Parliament has initiated investigations into the recent low bonus payments to small-scale tea farmers managed under the Kenya Tea Development Agency (KTDA).
The National Assembly’s Departmental Committee on Agriculture will lead the probe, which begins on Thursday, following widespread concern from farmers over reduced earnings.
The committee, chaired by Tigania West MP John Mutunga, is expected to meet officials from the Ministry of Agriculture, the Tea Board of Kenya, KTDA, tea brokers, and marketers to establish factors contributing to the reduced payments.
On Tuesday, the committee held a planning meeting at Parliament Buildings to outline its schedule of appearances and field visits during the investigation.
“Other than summoning the Ministry of Agriculture, Tea Board of Kenya, KTDA, and other players, the committee will visit KTDA-run factories in both the East and West of the Rift Valley,” Borabu MP Patrick Osero said after the closed-door session.
“Today’s meeting was to agree on the schedule and rules of engagement. On Thursday, we will meet the Tea Board, KTDA, the Ministry, tea brokers, and other stakeholders before embarking on a tour to meet farmers and factory managers in various regions,” he added.
The committee also resolved to include other MPs from tea-growing areas—among them Aldai MP Maryanne Kittany—during the inquiry sessions.
In addition to reviewing the management and operational models of KTDA-run factories, the MPs said they intend to examine governance structures and the handling of financial matters, including loans undertaken by the entities.
Gatundu South MP Gabriel Kagombe said the investigation was timely and would help clarify concerns among farmers, particularly those from the western tea-growing regions.
“Parliament needs to understand what is happening, and farmers deserve clarity. We need to avoid politicising this issue and instead focus on market and production dynamics that influence tea prices,” Kagombe, who also sits on the KTDA board, said.
KTDA has faced sustained criticism over perceived disparities in bonus payments, with some farmers from counties west of the Rift Valley receiving lower rates compared to their eastern counterparts.

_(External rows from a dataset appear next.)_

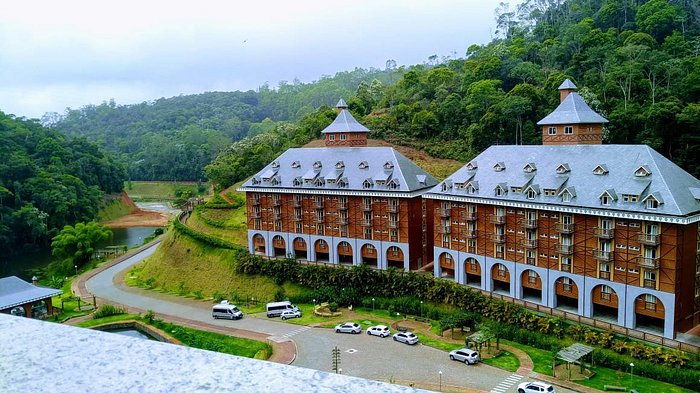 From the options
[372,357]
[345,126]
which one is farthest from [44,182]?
[372,357]

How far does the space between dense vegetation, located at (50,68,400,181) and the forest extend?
111ft

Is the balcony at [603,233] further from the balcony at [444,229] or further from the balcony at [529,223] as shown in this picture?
the balcony at [444,229]

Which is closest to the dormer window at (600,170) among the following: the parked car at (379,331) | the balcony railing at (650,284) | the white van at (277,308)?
the balcony railing at (650,284)

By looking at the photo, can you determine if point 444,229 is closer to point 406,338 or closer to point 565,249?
point 565,249

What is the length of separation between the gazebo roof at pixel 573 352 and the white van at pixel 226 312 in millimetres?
17576

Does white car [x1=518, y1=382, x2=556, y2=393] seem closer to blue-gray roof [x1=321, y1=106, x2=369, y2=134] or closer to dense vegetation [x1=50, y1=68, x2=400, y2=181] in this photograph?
blue-gray roof [x1=321, y1=106, x2=369, y2=134]

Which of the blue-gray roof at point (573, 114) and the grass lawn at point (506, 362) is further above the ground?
the blue-gray roof at point (573, 114)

Kagombe explained that yield variations and operational costs may account for part of the difference.
“The average KTDA factory in the West produces about one kilogram per bush annually, compared to about 1.8 kilograms in the East. This difference affects factory efficiency and costs,” he said.
On October 8, 2025, MPs from the West of the Rift Valley called for a review of KTDA’s governance structure to ensure equitable regional representation within the board, management committees, and advisory councils.
In a joint statement, they said: “There is need to ensure fair representation and inclusion of all tea-growing regions in KTDA and related national tea policy bodies.”
Responding to concerns, Kagombe said farmers also play a role in electing capable representatives to directorship positions within KTDA.
Meanwhile, KTDA has sought to reassure farmers, attributing the variations in bonus payments for the 2024/2025 financial year to factors such as market conditions, leaf quality, and regional production dynamics.
KTDA Chairman Chege Kirundi said the differences were determined by auction prices and the quality of teas delivered to factories.
“Price is the key driver of revenues, and the auction is guided by market forces,” he said.
“Teas from some factories fetch higher prices than others because of differences in quality, location, and buyer preferences.”